The standard for household drains is ¼ inch of fall per foot of run (a 1:48 slope, about 2%). But there is a twist most people miss: bigger pipes want less slope, not more. Pipes 3 inches and up drop to ⅛ inch per foot (1:96, about 1%).
Slope by pipe size
| Pipe size | Minimum slope | As a ratio |
|---|---|---|
| 1¼ – 2½ in (32–65 mm) | ¼ in per foot | 1:48 (2.1%) |
| 3 – 6 in (75–150 mm) | ⅛ in per foot | 1:96 (1.0%) |
| 8 in and larger (200 mm+) | &frac1;16 in per foot | 1:192 (0.5%) |
Why not just make it steeper?
Drainage relies on the water carrying the solids along with it. Get the slope right and liquid and solids move together. Too little slope and the water sits, solids settle, and the pipe clogs. Too much slope and the water races ahead and drains away from the solids, leaving them stranded to build up and block the line — the classic mistake on a DIY sewer run.
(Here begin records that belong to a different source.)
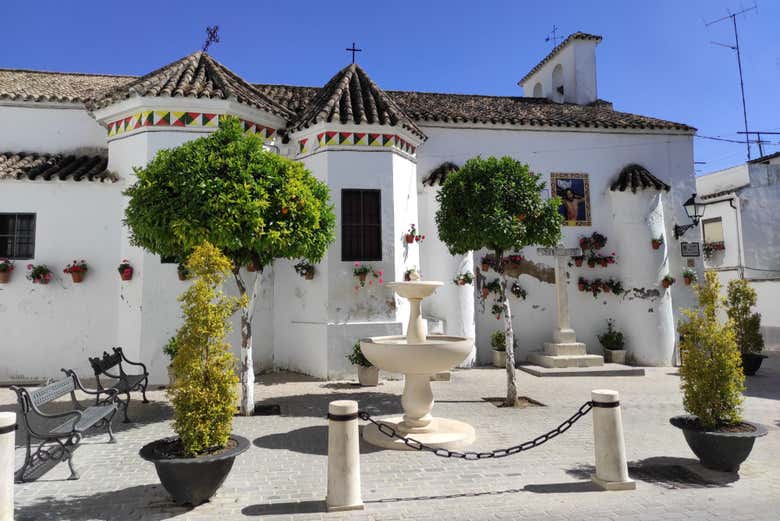Tour privado por Cabra ¡Tú eliges!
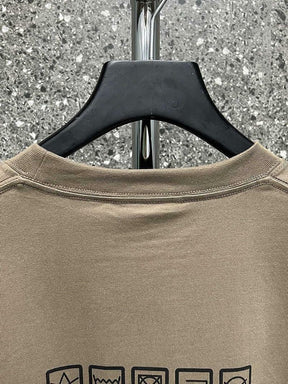 Camiseta Balenciaga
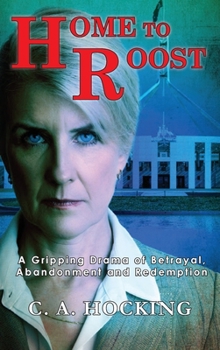 Hardcover Home To Roost Book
There is a right band, and steeper is not safer.
Drain Slope Calculator
Enter the run length and pipe size — it gives the fall, gradient, percent and inches-per-foot.
Setting the fall on site
Fall is just slope × run. For a 20 ft branch at ¼ inch per foot, the outlet end sits 5 inches lower than the start (20 × ¼). Set it with a level and a marked block, or a laser, and check it before you backfill — a dip or a back-fall in a buried line is a call-back waiting to happen.
Working in metric?
Slopes are usually given as a ratio: 1:40 to 1:60 for waste pipes (40–50 mm), 1:80 or so for a 110 mm foul drain — the same idea that big pipes want a gentler grade. The calculator shows the fall in mm, the gradient as 1:X, and the percent, whichever your local code uses.
Check your local code
These are the common minimums, but plumbing codes vary and some jurisdictions set their own figures and maximums. Treat this as the starting point and confirm against the code that applies to your job.